MicrosoftLearning / mslearn-fabric

This repository hosts content related to Microsoft Fabric content on Microsoft Learn.
https://microsoftlearning.github.io/mslearn-fabric/
MIT License
168 stars 133 forks source link

Major blocking issues with labs this week #188

Open VitalyMCT opened 4 days ago

VitalyMCT commented 4 days ago

The labs this week are simply not functioning in Skillable to the high standard attendees quite rightfully expect. Other ALHs may be similarly affected. This is impacting live deliveries with many attendees.

I want to emphasize that these are NOT issues with the lab instructions per se.

However, workarounds or other changes may be possible within the instructions. For any severe blocking issues (ex. those impacting Lab 1 ... attendees can only proceed about 50% of the way into it), it may make sense to just take the lab offline until the issues can be resolved. Or rewrite the lab instructions to navigate around the issues.

IMO the issues likely have to do with the way the specific Skillable Fabric tenant is set up and/or driven by more widespread Fabric platform issues (ex. regional issues, global ones, etc.).

I suspect the former because all other Fabric tenants accessible to me are all fine around these blocking items. This is just my theory based on the evidence available. I may be wrong. These issues may have other cause(s) or there may be complex interaction between the tenant config triggering some edge cases in the Fabric platform.

For example:

I have multiple tenants accessible to me where the exact same instructions in this repo result in perfect outcomes in Fabric.

Ongoing blocking issues include:

  1. https://github.com/MicrosoftLearning/mslearn-fabric/issues/178. This one got much worse this week. Workspace creation often fails altogether now, without even producing any errors or timeouts. Skillable says Microsoft is investigating. It's been 1+ months. I've been sitting in front of a screen for 30 minutes now simply trying to create a workspace for Lab 1. It was working earlier today, albeit intermittently. Now not working at all. It's a blocking issue.
  2. SQL endpoint fails to load in Fabric UI. This is impacting multiple labs, including lab 1. Endpoint is serving SQL via other tools including SSMS. So the SQL endpoint's backend seems fine. However, the endpoint's web UI fails to work. It's a blocking issue.
  3. Trial enablement issues. Trial does not activate, trial activates yet UI says it's still not activated, trial activates extremely slowly, trial activates inconsistently (sometimes does, sometimes fails repeatedly), trial activates yet workspaces cannot be assigned to it, etc. It's also clearly a blocking issue.

We have multiple tickets open for these with Skillable, however, none of the major issues have been resolved. When we raise the issue the usual response is that only Microsoft is empowered to create a fix. I can add all the ticket IDs here if that helps.

I volunteered a tremendous amount of time trying to get these items to work. Provided huge amount of telemetry & other troubleshooting data. Checked https://support.fabric.microsoft.com/en-us/known-issues. Tried to find workarounds, etc.

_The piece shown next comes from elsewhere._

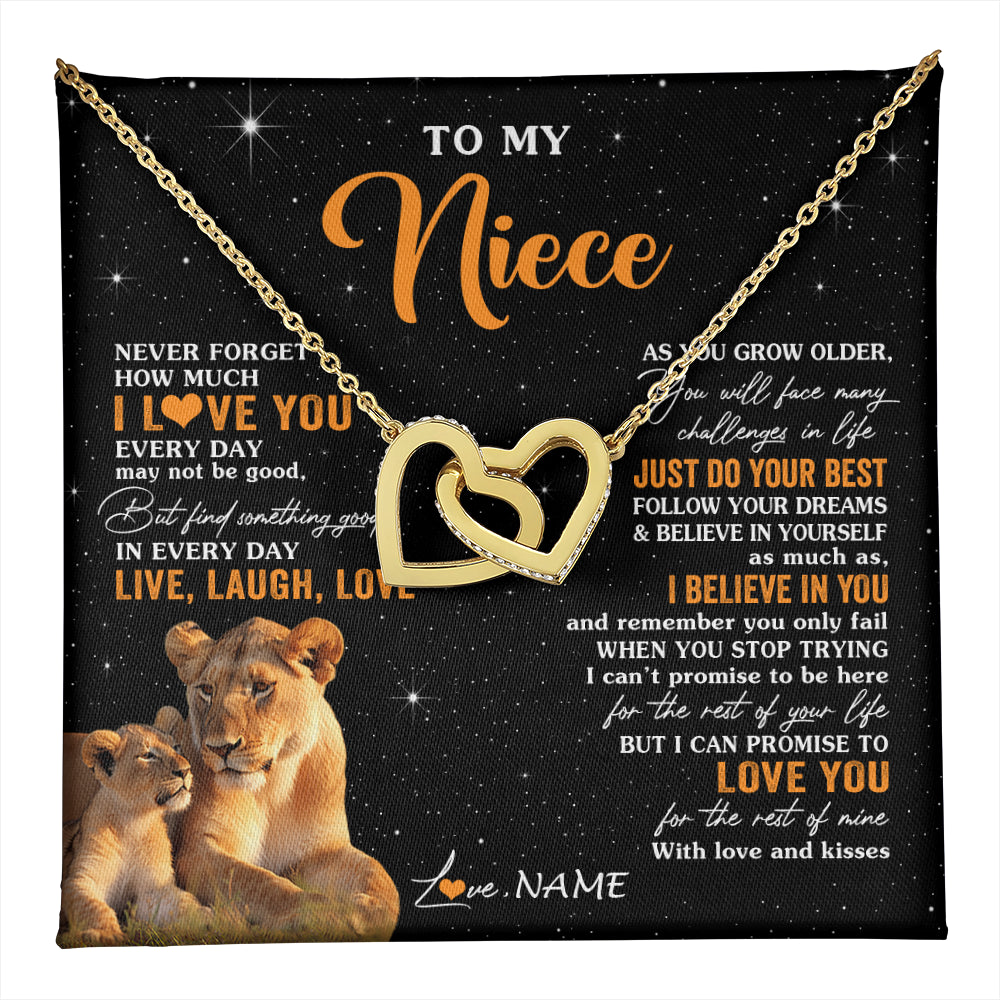 Interlocking Hearts Necklace 18K Yellow Gold Finish | 1 | Personalized To My Niece Necklace From Aunt Auntie Live Laugh Love Lion Niece Birthday Gifts Positive Graduation Christmas Customized Gift Box Message Card | teecentury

Please assist by giving this ticket the urgency it deserves so adequate solutions are in place. These issues impact CSAT. Attendees need the labs to function. Please do not close this ticket without resolution.

P.S. To give Skillable credit the support folks there are doing their best. This IMO needs a comprehensive investigation by all involved stakeholders, working very closely together, with much greater urgency than has been the case in the past. If it's helpful you can ping me at any time for additional insight to help drive rapidly to a solution. Thank you.

AngieRudduck commented 3 days ago

@VitalyMCT thank you for bringing this to our attention. I've shared these issues with internal teams and Skillable. We will provide updates as we are able.

VitalyMCT commented 3 days ago

As of last night & this morning the Fabric tenant in this ALH is completely non-functional. No Fabric workspaces can be created in Skillable's tenant. The default "My Workspace" cannot be enabled for Fabric trial.

This completely blocks attendees from being able to do any of the 16 labs in this MOC course.

Skillable says their hands are tied and only Microsoft can fix this. All evidence points to a tenant-level misconfiguration.

There are approximately 15 attendees in our class right now. They are all very excited about Fabric. They are very excited about getting hands-on experience with Fabric. It's the beginning of their Day 2 out of 4.

What would you like them to do?

AngieRudduck commented 3 days ago

I'm sorry that we don't have a better answer for you. We create the exercise materials and work with Skillable. I would pose your question to Skillable on how to advise your students to proceed.

rramoscabral commented 3 days ago

Skillable received reports of trouble with access to the Fabric Workspace within DP-600. They have escalated the reports to the Content Owner and their MOC team is assisting with all possible information.

They updated the labs whit the following notice

Due to backend stability issues that can occur when several users create new resources in the same region at the same time, you may experience delays on Fabric when creating a resource. If you experience this, we advise waiting at a minimum of 5 minutes before refreshing and attempting to create the resource again.

But creating the workspace still takes more than 10 minutes.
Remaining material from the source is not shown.